Problem Identification: The paper formally defines Non-Stationary Modality Imbalance in the context of continual AQA, demonstrating that existing methods fail significantly when modality availability evolves over time.
Novel Framework (BriMA): Introduces a tailored solution combining Memory-Guided Bridging (for score-faithful imputation) and Modality-Aware Replay (for drift-resistant adaptation).
Comprehensive Evaluation: Extensive experiments on three diverse datasets (RG, Fis-V, FS1000) covering rhythmic gymnastics and figure skating.
State-of-the-Art Performance: BriMA establishes a new baseline, outperforming existing continual learning and multi-modal methods across various missing rate scenarios (10%, 25%, 50%).

4. Experimental Results

The authors evaluated BriMA on three datasets: RG (Rhythmic Gymnastics), Fis-V (Figure Skating Video), and FS1000 (Large-scale Figure Skating).

Performance Gains:
- Correlation: Achieved 6–8% higher Spearman's Rank Correlation Coefficient (SRCC) compared to the best baselines.
- Error Reduction: Reduced Mean Squared Error (MSE) by 12–15% and Relative L2 error (RL2) by 13–15% on average.
- Robustness: As the missing modality rate increased to 50%, BriMA maintained stable performance, while baselines (like ST-MLAVL, EWC, DER++) suffered catastrophic drops in accuracy.
Ablation Studies:
- Removing the Bridging Imputation (MBI) caused a ~10% drop in SRCC, proving the necessity of residual correction over simple retrieval.
- Removing Modality-Aware Replay (MRO) led to higher error rates and instability, confirming the importance of prioritizing drift-sensitive samples.
Efficiency: Despite the added complexity, BriMA only increased parameters by ~0.1M and training time by ~1 hour, demonstrating a favorable efficiency-performance trade-off.
Generalization: The method was also tested on the MOSI sentiment analysis dataset, showing similar improvements, suggesting the approach generalizes to other multi-modal regression tasks.

5. Significance

This work is significant because it moves AQA research from idealized, static laboratory settings to real-world deployment constraints.

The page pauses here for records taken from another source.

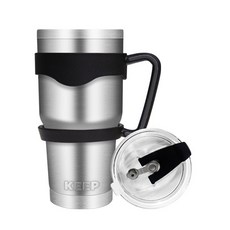 4YOU Keep大容量不鏽鋼保溫杯+密封吸管蓋+矽膠防滑手握組, 銀色, 900ml, 1組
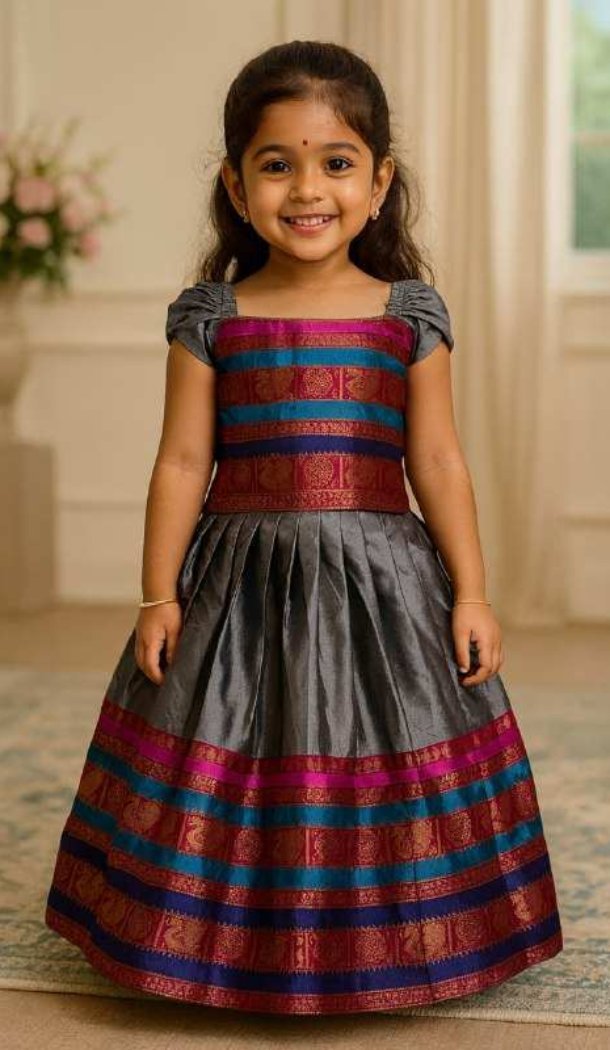 Girls Grey Lichi Silk Lehenga Choli – FH214049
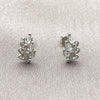 White Gold Filled Stud Earring, Tree and Leaf Design, with White Micro Pave and White Cubic Zirconia, Polished, Rhodium Finish, 02.310.0222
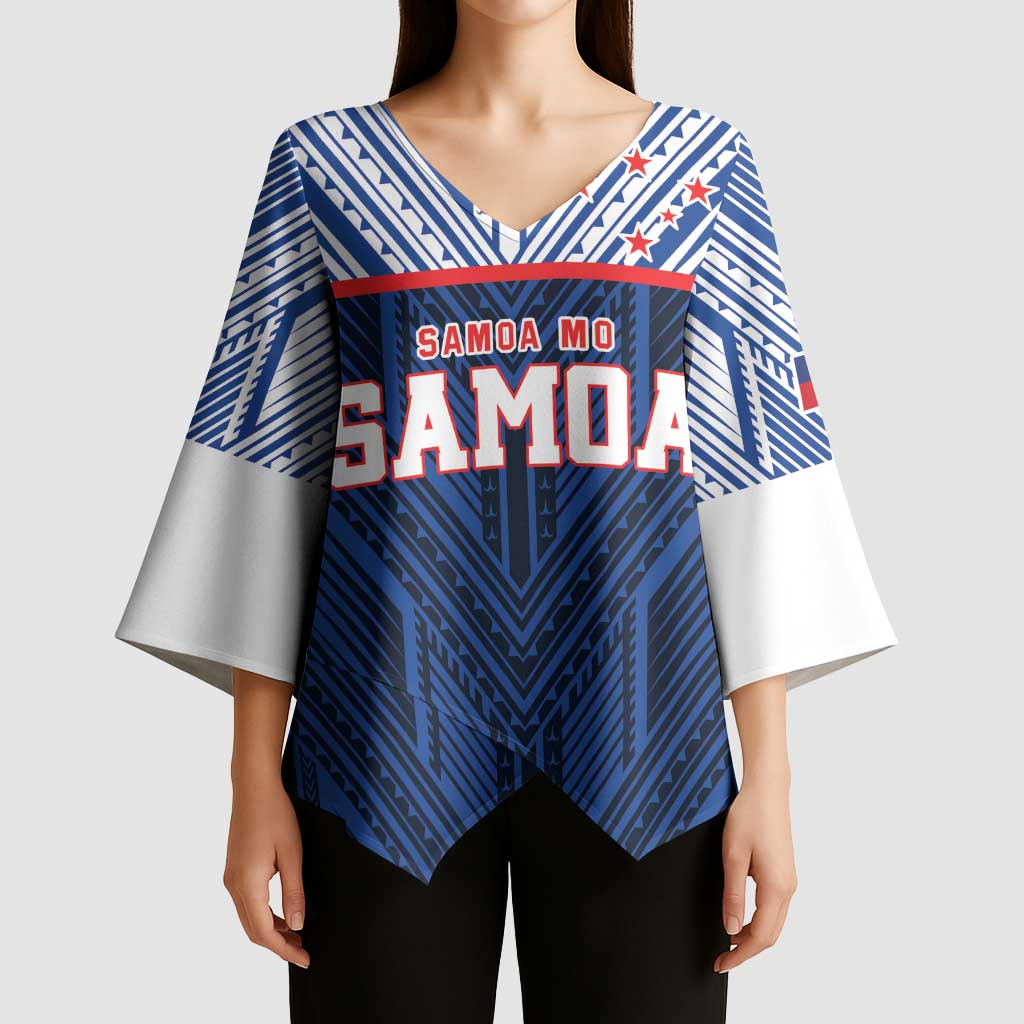 Custom Rugby Toa Samoa Kimono Sleeve Blouse Samoa mo Samoa Island Warrior Pride - Polynesian Pride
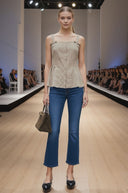 SIDE FRILL DETAIL BOW TOP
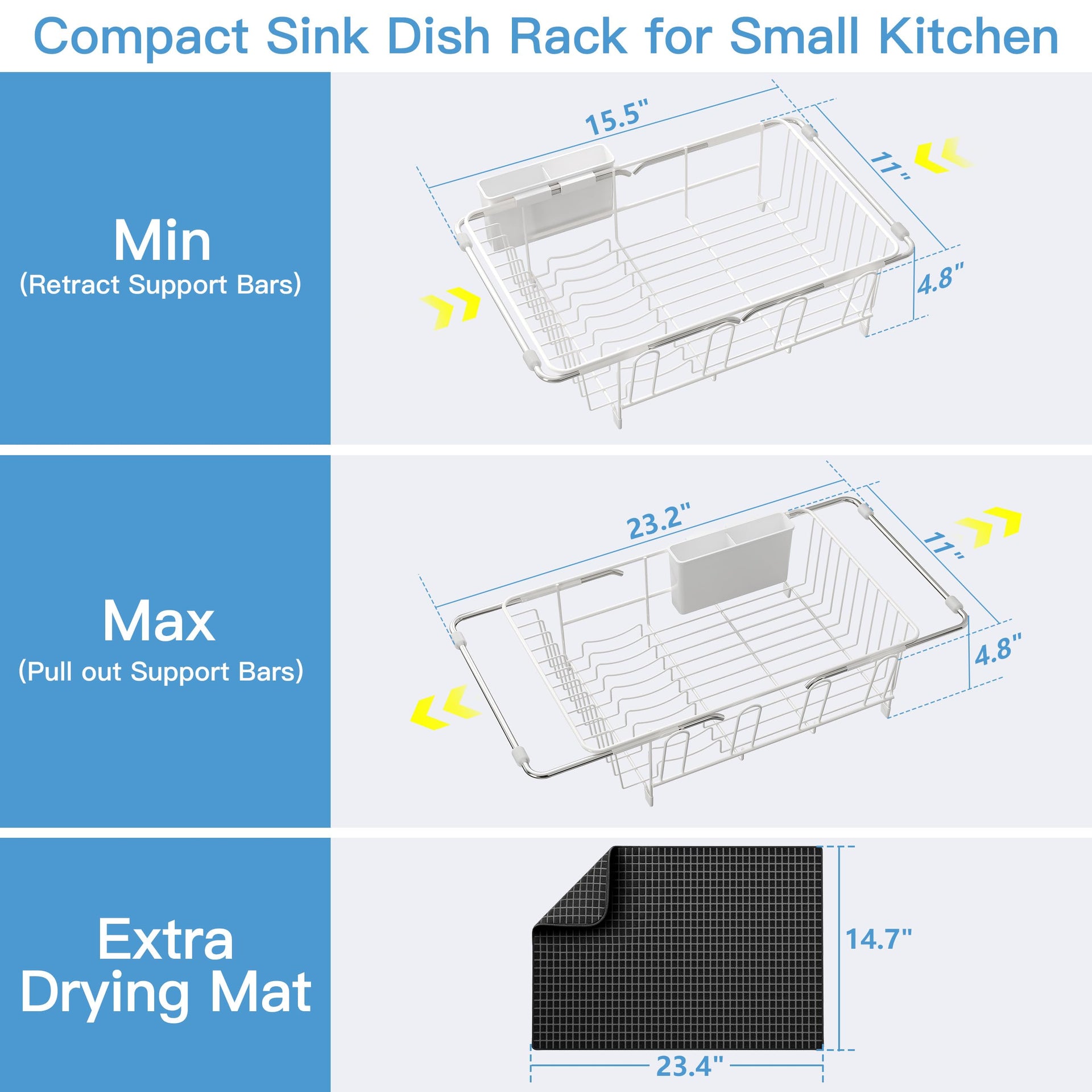 White Dish Drying Rack in Sink with Mat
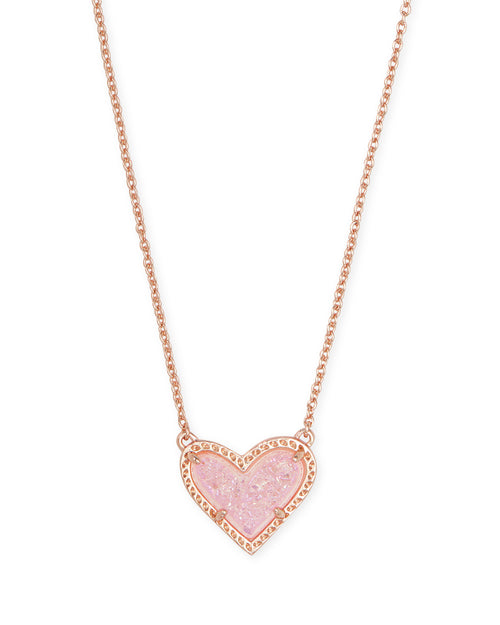 Ari Heart Short Pendant Necklace in Rose Gold Pink Drusy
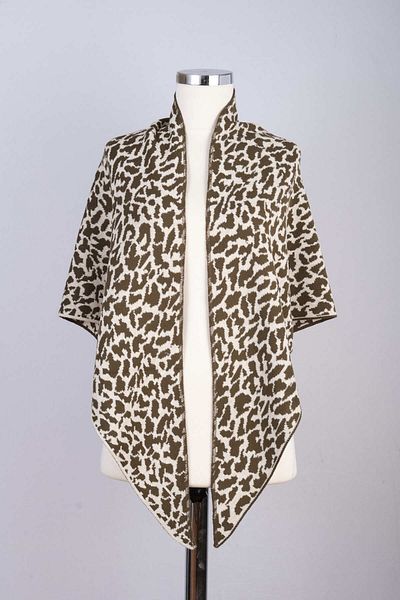 Sebir Moda Leopard Patterned Knitwear Triangle Shawl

Practicality: It solves the "sensor failure" problem inherent in real-world sports analysis and rehabilitation, where data is rarely perfect or complete.
Theoretical Insight: It highlights that standard imputation techniques are insufficient for score-sensitive regression tasks. The proposed "bridging" strategy preserves the geometric structure of the scoring manifold, which is critical for ranking consistency.
Future Direction: BriMA provides a robust paradigm for building reliable multi-modal systems that can adapt to evolving data distributions without forgetting prior knowledge, a crucial step toward deploying AI in dynamic, real-world environments.

Code Availability: The authors have made their code publicly available at https://github.com/ZhouKanglei/BriMA.